Print all of the entries exactly, minus the pictures.

((

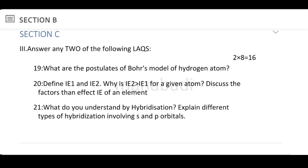Define ionic energy 1 and ionic energy 2. Why is ionic energy 2 greater than ionic energy 1 for a given atom? Discuss the factors that affect the ionic energy of an element. Ionic energy 1 and ionic energy 2, and what factors make the second ionization energy greater than the first.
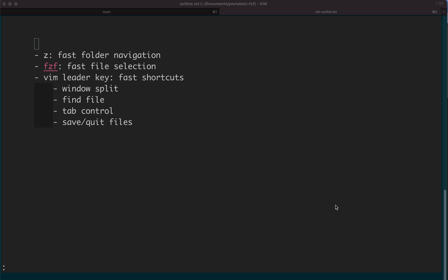Hello everyone, welcome to my channel. Today I will tell you a few tricks that greatly increased my productivity in command line.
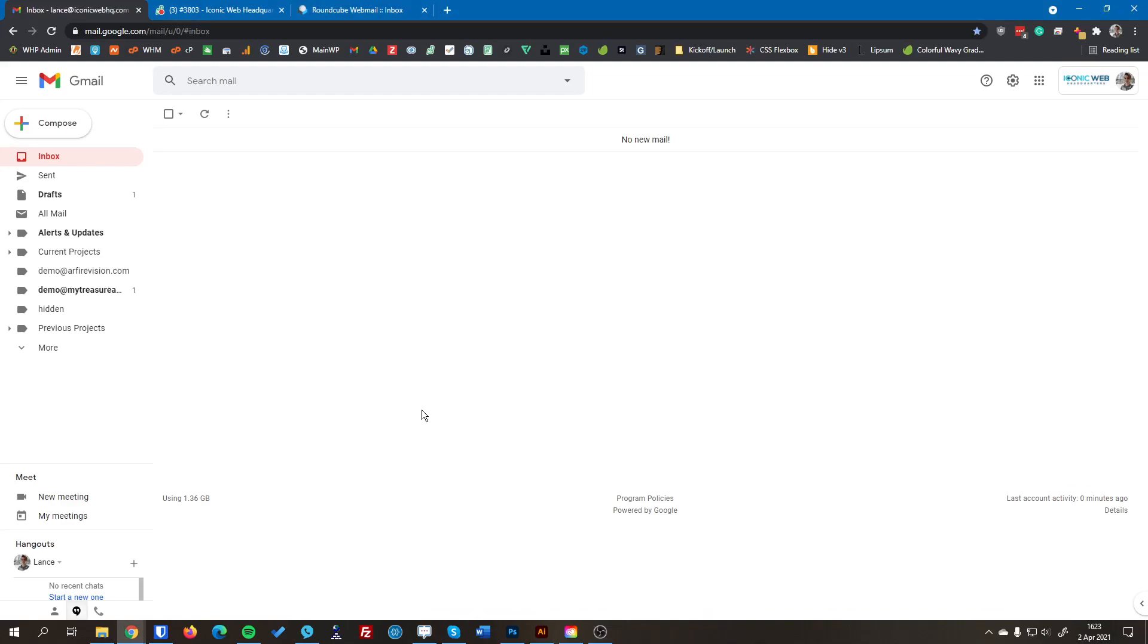Hello! In this video I'm going to show you how to add your new professional email to your existing Gmail inbox so you can check your emails right alongside your regular email.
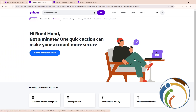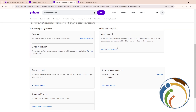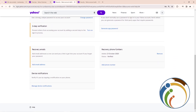Once you're on the Security page, scroll down and then click on the part where it says 'Remove' under recovery phone numbers. Click on 'Remove' to proceed.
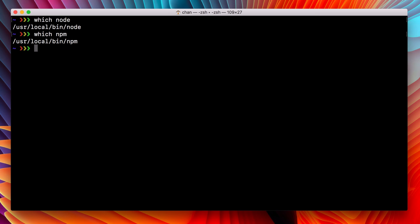Your Node and NPM may live at different paths, but as long as this command returns something, you have what you need.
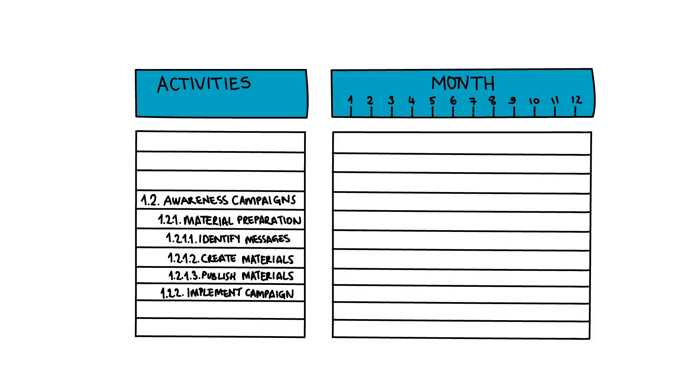The team begins filling the Gantt Chart by listing the activities and tasks related to the awareness campaign in the left column.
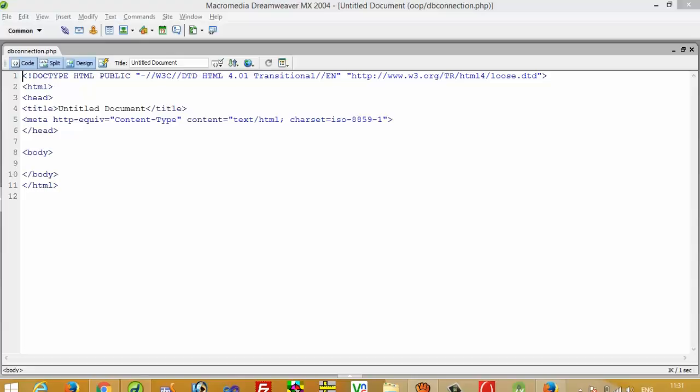Hello, in this tutorial I am going to show you how you can perform an insert operation using OOP in PHP.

))

* [Task output]
Define ionic energy 1 and ionic energy 2. Why is ionic energy 2 greater than ionic energy 1 for a given atom? Discuss the factors that affect the ionic energy of an element. Ionic energy 1 and ionic energy 2, and what factors make the second ionization energy greater than the first.
Hello everyone, welcome to my channel. Today I will tell you a few tricks that greatly increased my productivity in command line.
Hello! In this video I'm going to show you how to add your new professional email to your existing Gmail inbox so you can check your emails right alongside your regular email.
Once you're on the Security page, scroll down and then click on the part where it says 'Remove' under recovery phone numbers. Click on 'Remove' to proceed.
Your Node and NPM may live at different paths, but as long as this command returns something, you have what you need.
The team begins filling the Gantt Chart by listing the activities and tasks related to the awareness campaign in the left column.
Hello, in this tutorial I am going to show you how you can perform an insert operation using OOP in PHP.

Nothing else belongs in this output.